== Stored data entries ==
══════

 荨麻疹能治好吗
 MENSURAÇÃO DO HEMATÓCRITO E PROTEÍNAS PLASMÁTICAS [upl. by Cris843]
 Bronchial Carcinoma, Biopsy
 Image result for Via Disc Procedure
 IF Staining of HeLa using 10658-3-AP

══════

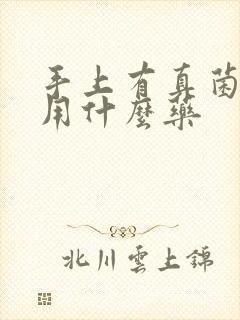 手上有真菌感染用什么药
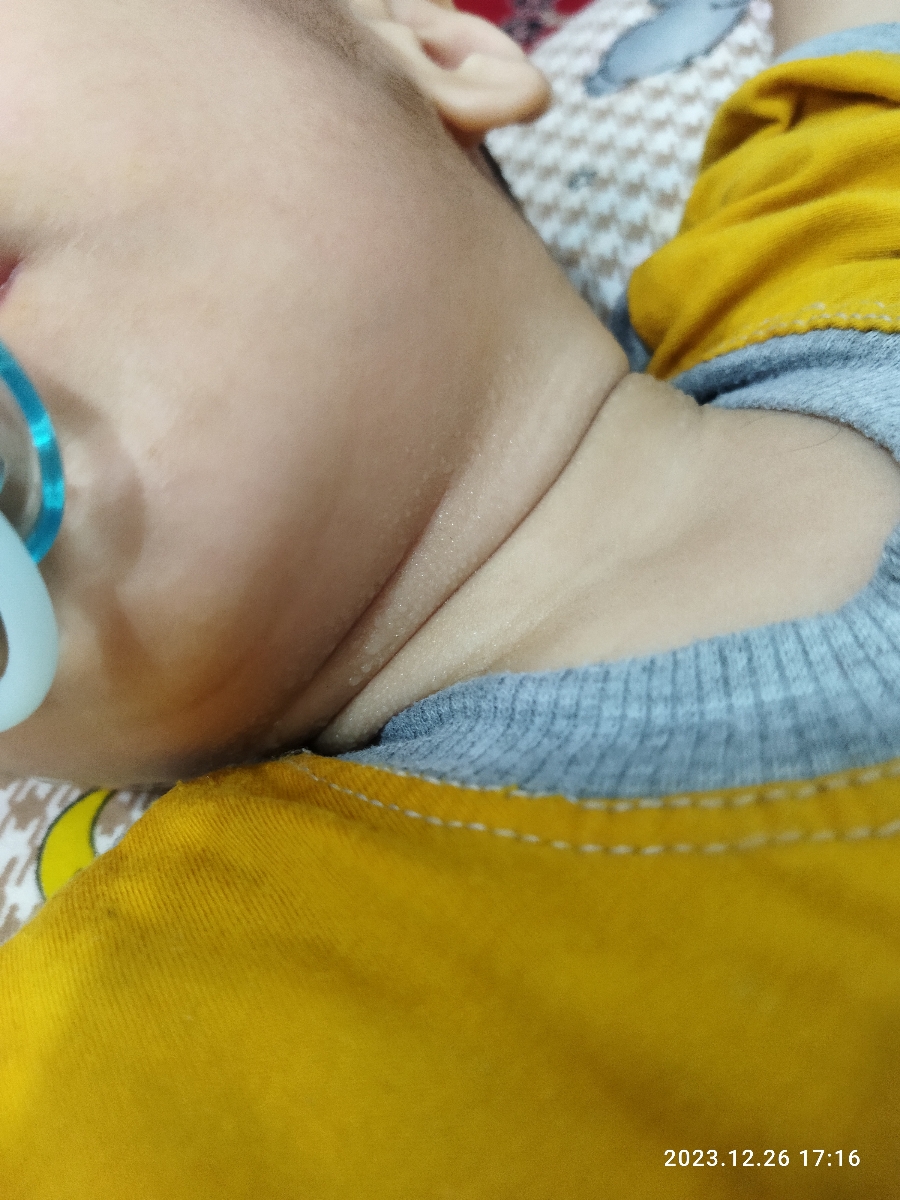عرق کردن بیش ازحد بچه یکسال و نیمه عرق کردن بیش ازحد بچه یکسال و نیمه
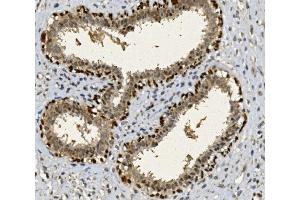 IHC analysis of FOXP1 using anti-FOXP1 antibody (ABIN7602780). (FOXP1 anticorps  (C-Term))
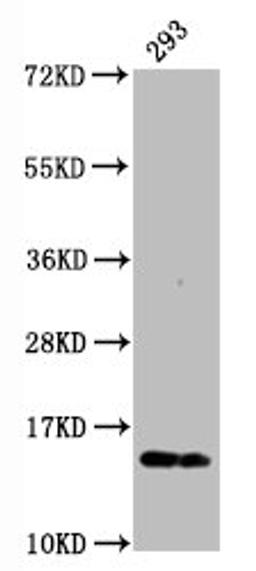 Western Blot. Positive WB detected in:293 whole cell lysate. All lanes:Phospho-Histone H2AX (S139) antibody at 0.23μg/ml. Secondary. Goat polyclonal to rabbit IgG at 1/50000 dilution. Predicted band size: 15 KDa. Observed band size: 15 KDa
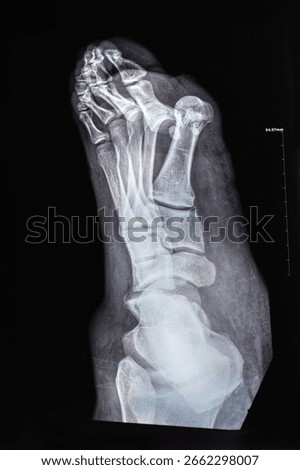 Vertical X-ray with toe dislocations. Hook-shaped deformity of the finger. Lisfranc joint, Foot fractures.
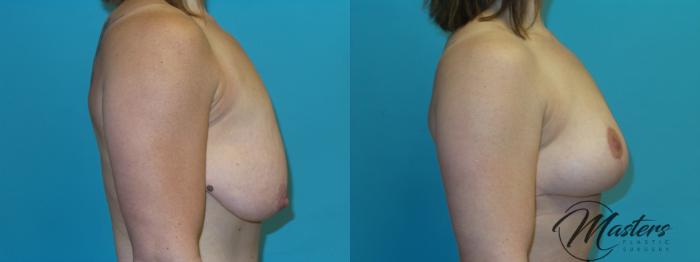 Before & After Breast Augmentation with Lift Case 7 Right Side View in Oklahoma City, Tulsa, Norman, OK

══════

Each line between the one holding "IHC analysis of" and the one holding "Before & After", inclusive, should be copied exactly as it appears above, and pictures should be omitted.

== ANSWER TO THIS TASK ==
 IHC analysis of FOXP1 using anti-FOXP1 antibody (ABIN7602780). (FOXP1 anticorps  (C-Term))
 Western Blot. Positive WB detected in:293 whole cell lysate. All lanes:Phospho-Histone H2AX (S139) antibody at 0.23μg/ml. Secondary. Goat polyclonal to rabbit IgG at 1/50000 dilution. Predicted band size: 15 KDa. Observed band size: 15 KDa
 Vertical X-ray with toe dislocations. Hook-shaped deformity of the finger. Lisfranc joint, Foot fractures.
 Before & After Breast Augmentation with Lift Case 7 Right Side View in Oklahoma City, Tulsa, Norman, OK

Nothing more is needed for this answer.